On that first trip back, 10 years ago, Bill walked all the way up to Superga and back down to the city again, twice, in two days. It’s about 10km from Turin’s centre, up twisting roads that lead to the summit finish in the Milan-Torino cycling race. He stripped the soles of his shoes.
We meet where he now lives, in England. The day grows dark as we talk in the comfort of his living room, drinking coffee. Bill is 80 and radiates warmth on a bitterly cold afternoon in south Yorkshire, looking back on a time when Turin was home.
Along the hallway and up the stairs hangs his “gallery of rogues”. There are photos of his dad, Leslie, as a Doncaster Rovers player and in a Manchester United team photo, alongside frames of his granddad Joe, goalkeeper for Sheffield United and Arsenal.
Leslie Lievesley moved his wife and young son to north Italy in 1947, when he left his first job as a coach with Dutch side Heracles Almelo to join Torino, having turned down an offer from Marseille.
The English coach was joining an already successful side. Torino became the first Italian team to win the league and cup double in 1943, the final season before Serie A was halted for two years during World War Two. They still hold three remarkable Italian top-flight records.

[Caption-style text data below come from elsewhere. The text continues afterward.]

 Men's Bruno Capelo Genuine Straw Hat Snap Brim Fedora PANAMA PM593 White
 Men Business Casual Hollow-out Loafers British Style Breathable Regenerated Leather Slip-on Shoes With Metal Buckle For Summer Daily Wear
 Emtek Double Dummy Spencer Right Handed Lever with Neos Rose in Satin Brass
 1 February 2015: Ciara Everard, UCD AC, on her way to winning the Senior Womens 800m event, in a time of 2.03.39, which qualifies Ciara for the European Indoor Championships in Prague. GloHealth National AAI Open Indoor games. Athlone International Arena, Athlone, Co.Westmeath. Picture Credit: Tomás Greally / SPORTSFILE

In 1947-48, Torino scored 125 goals in their 40 matches, finishing with a record goal difference of +92 on their way their fourth title in as many seasons. By the time of the Superga disaster they had not lost at home in more than six years, while their 10-0 victory over Alessandria in May 1948 remains the biggest in Serie A history.
This golden age for the club owed much to its president, Ferruccio Novo, who had determinedly signed up some of the country’s best players, including Valentino Mazzola, Torino’s star who became Italy’s captain. It fell to Novo to officially identify the bodies of the team he lovingly assembled. Mazzola had named one of his sons after him.

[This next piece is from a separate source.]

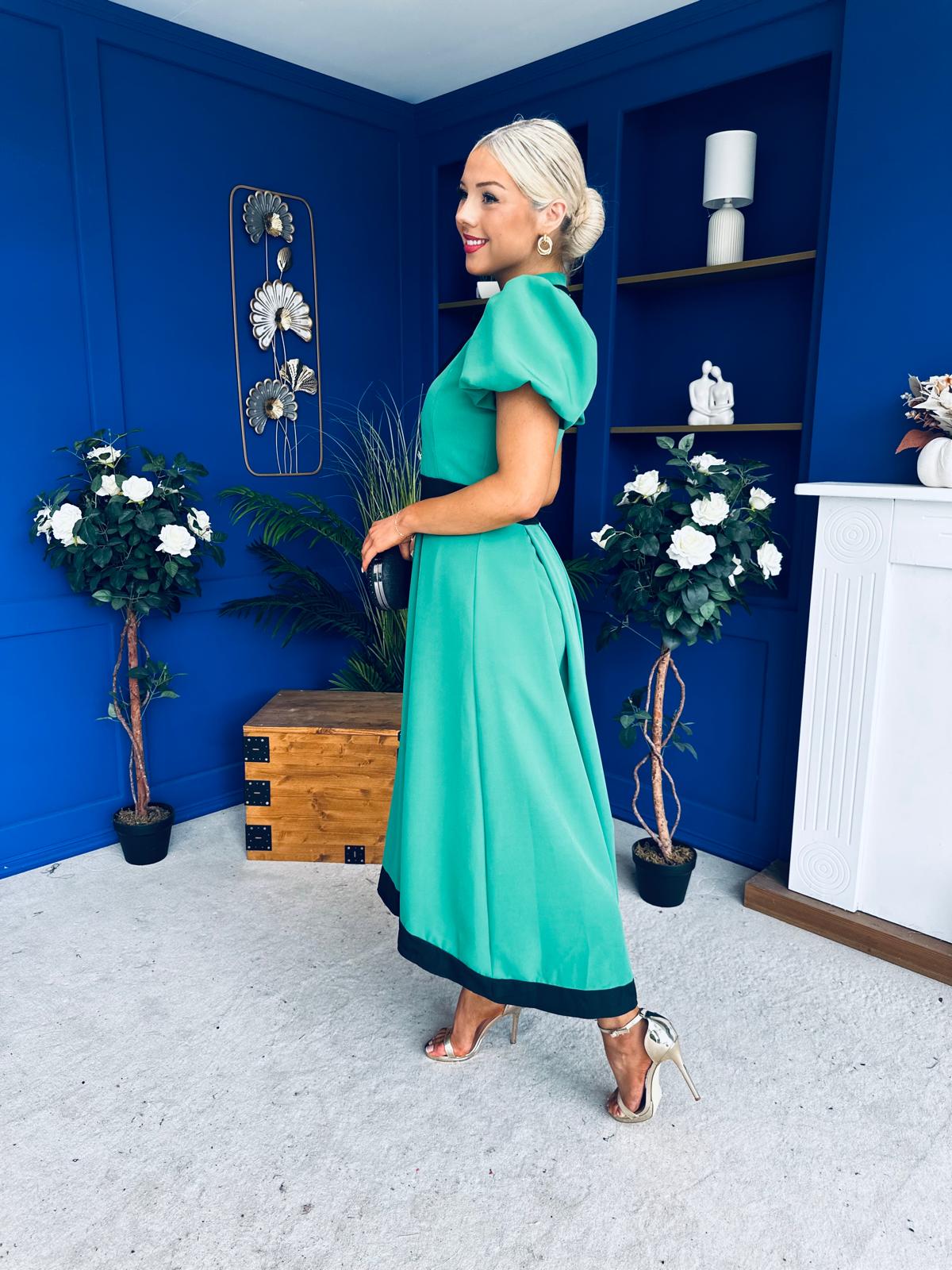 Vicky Puff Sleeve Occasion Midi Dress Emerald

Novo did not travel on the fateful journey because of a bout of flu. Having failed in the perhaps impossible task of rebuilding the team after the crash, he resigned as Torino president in 1953, three years after leading Italy to the World Cup finals. The Azzurri travelled to Brazil by boat rather than by plane.
The other major influential figure in the club’s success was Erno Egri Erbstein, the team’s Hungarian manager who had been forced to return to his homeland following the 1938 anti-Semitic law that stripped Jews of their Italian citizenship under Benito Mussolini.
Erbstien escaped from a labour camp in Nazi-occupied Budapest, as is detailed in the book Erbstein: The Triumph and Tragedy of Football’s Forgotten Pioneer. He would return to Torino after the war and continue to win football matches according to his attacking ideals, with help from his English coach.
‘Dad probably thought he could beat Hitler single-handed’
Born in 1911, Leslie Lievesley got into coaching after his playing career was cut short by the war. He was at Crystal Palace, and Bill was a baby in Croydon, when in 1939 he signed up to join the Royal Air Force. He became a parachute dispatch officer, often involved in missions to drop soldiers, and sometimes spies, behind enemy lines.
On one such sortie, having been forced to return to base before completing their drop, his plane was shot down over Middle Wallop, just north of Southampton, by American anti-aircraft guns. Friendly fire. Everybody on board was killed, apart from Leslie, who walked out of it. “He was hard as nails,” Bill says of his dad. “He probably thought he could beat Hitler single-handed.”
There was a second crash in the war – although Bill can’t recall the details. The third that Lievesley survived came in 1948 when, travelling with the Torino youth team, the plane’s brakes malfunctioned on landing at Turin airport. Disaster was averted because the wing clipped a hangar and slowed the aircraft before it could collide with the terminal building.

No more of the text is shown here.